Sunday, August 27, 2023

The Nicene Council and The Holy Trinity.

 The Nicene Council story is one of the most important stories in Christianity and in spirituality in general. It is about a heroic young bishop against heretics like Arius and Constantine who wanted control and power. The lie is that the Nicene Council invented the Trinity, but the Trinity doctrine existed in the early church centuries before the Nicene Council. Jehovah's Witnesses, Gnostics, and other people in various faiths are anti-Trinitarian, but I do believe in the Trinity.  Constantine was once a pagan, and he never invented the doctrine of the Trinity. The term Trinitas was used by Theophilus, Bishop of Antioch in ca. 180 A.D. The term of Trinity was also used by Tertullian almost 100 years before the Nicene council. Athenagoras said the Father, Son, and the Holy Spirit simultaneously exist as one God. Praxeas promoted the heresy of Monarchianism or that the Father became the Son, and the Son became the Spirit. This is modalism or what the Oneness teaches now. The Trinity was resisted by Gnostics and Arians. Modalism was promoted in Rome. Roman Catholicism as we know it today never existed in the early church as the early church never embraced purgatory, Mary being the Ever Virgin, or the Pope being the head of the church. Even the apostle Peter was married and had children. The early church had bishops and institutions functioning in equal space as Cyprian said no man is a bishop among bishops. It would be after the 300's A.D. when the Catholic Church formed claiming falsely that the Bishop of Rome has primacy over all churches of the world. By 312 A.D., Emperor Constantine of Rome claimed to have witnessed a vision of God of seeing the shape of a cross in front of the sun. Then, he saw the Greek words of toutoi nika or in this sign conquer. Constantine then put his soldiers with the X on their shields to defeat his enemies. He told his friend Eusebius this story. Constantine allowed the end of the persecution of Christians that existed since the edict of the Roman Emperor Diocletian. Constantine unified church and state which is against what Yeshua said of renders things to God things belong to God and render things to Caesar separately. Then, we saw a paganism infiltrate certain churches. Soon, icon, relics, veneration of images, and other heresies came into the apostate church (not the true church). Constantine didn't care about theological issues that much. 
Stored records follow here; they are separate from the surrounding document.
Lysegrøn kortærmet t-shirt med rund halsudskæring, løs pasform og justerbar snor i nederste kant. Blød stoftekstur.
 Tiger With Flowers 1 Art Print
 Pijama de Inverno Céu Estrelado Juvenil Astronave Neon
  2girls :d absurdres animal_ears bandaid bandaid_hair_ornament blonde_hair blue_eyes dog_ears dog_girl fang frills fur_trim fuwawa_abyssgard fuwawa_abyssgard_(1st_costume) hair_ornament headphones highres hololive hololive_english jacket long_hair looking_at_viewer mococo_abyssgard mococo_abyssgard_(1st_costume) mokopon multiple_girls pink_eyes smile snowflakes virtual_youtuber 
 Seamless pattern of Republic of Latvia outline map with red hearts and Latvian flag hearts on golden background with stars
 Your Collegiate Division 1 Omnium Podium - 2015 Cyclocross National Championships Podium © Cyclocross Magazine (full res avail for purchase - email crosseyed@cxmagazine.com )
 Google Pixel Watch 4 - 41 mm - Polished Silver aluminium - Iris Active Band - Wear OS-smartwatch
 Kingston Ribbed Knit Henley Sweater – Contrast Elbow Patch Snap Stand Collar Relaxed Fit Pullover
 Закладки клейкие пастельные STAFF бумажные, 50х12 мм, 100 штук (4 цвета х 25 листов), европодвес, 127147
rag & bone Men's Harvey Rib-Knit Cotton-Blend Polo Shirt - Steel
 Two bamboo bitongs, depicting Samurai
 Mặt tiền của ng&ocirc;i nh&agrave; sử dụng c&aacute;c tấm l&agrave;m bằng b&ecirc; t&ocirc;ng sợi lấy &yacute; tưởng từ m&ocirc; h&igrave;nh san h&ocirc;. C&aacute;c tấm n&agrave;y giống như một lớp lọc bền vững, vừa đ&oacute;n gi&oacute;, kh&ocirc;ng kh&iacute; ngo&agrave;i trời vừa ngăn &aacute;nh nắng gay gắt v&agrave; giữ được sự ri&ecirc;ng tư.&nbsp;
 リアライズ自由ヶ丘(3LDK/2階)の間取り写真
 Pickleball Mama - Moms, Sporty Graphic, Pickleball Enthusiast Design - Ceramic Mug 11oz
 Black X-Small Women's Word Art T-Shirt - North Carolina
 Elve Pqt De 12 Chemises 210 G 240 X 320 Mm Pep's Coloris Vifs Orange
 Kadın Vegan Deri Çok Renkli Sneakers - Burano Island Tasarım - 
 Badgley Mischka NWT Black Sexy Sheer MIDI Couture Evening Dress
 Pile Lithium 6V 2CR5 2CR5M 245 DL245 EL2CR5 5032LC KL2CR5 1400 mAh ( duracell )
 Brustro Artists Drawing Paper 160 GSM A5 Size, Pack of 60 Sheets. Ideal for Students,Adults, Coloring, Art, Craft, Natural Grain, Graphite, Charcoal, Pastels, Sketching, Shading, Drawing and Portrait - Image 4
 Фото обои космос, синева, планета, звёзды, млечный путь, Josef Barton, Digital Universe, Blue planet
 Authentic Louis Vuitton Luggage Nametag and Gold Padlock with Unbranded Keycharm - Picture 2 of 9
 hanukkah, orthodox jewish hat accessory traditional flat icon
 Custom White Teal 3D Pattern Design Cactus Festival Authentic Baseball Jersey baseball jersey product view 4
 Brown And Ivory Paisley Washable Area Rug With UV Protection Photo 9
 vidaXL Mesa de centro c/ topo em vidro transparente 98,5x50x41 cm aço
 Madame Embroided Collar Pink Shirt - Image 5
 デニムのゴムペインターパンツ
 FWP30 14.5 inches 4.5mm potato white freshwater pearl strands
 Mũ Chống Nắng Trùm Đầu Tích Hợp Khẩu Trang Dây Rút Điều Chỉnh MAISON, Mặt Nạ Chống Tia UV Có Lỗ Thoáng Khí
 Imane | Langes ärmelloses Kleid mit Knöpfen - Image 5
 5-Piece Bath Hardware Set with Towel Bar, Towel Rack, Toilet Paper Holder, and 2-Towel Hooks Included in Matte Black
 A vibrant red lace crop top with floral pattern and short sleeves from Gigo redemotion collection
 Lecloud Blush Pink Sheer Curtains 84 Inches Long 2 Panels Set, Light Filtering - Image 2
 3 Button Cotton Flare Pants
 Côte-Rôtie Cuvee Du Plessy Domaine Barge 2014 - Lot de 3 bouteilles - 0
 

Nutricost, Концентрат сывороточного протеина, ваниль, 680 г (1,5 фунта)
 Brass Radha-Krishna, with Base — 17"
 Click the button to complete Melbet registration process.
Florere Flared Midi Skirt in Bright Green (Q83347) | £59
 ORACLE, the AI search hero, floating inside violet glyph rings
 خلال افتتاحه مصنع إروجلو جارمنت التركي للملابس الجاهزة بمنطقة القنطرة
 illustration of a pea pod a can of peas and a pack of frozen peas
Many future popes called themselves the Vicar of Church is blasphemous as God needs no representative on Earth. Arius was a bishop who opposed the bishop Alexander. Bishop Alexander of Alexandria, Egypt believed in the Trinity, but Arius was a heretic who thought that Jesus Christ was a created being. Bishop Alexander had a synod and denounced Arius's views. Arius forgets that Jesus in the NT is called the only Begotten Son of God and other views show Jesus Christ's existence before Creation. Arius believed that Yeshua was a created being not the eternal God in the flesh. Arius's friend Eusebius knew of Constantine and his family, so Constantine wanted this piece. Constantine convened the Nicene Council to deal with theological questions. It ended by Juen of 325 A.D. Arius debated Alexander. Alexander believed that Jesus Christ was the of the same substance (or homoousia) being God. Bishop Alexander and the young deacon Athanasius worked hard to debate and defend the Trinity. Athanasius said that the Scriptures prove that Jesus Christ was the same substance of nature as God. Eusebius, bishop of Nicomedia believed that Christ was a created being. At first, Constantine banished Arius. By 333 A.D., Constantine agreed with Arius not being banished with the help of his friend Eusebius. Constantine was baptized on his death bed in 337 A.D. Arius suddenly died on his way to visit Constantinople where his friend Eusebius lived at. Constantine's son Constantius was a total Arian. He bashed Athanasius from Alexandria. Athanasius was attacked during his church service by Arians who brought 5,000 Roman soldiers with them in 353 A.D. Other creeds like in Constantinople would disavow the term substance. This would change after Constantius death in 361. Arians split apart. Athanasius passed away in 373 A.D. after writing books to refute the Arian heresy. His other important works include his Letters to Serapion, which defends the divinity of the Holy Spirit. Therefore, you know the truth.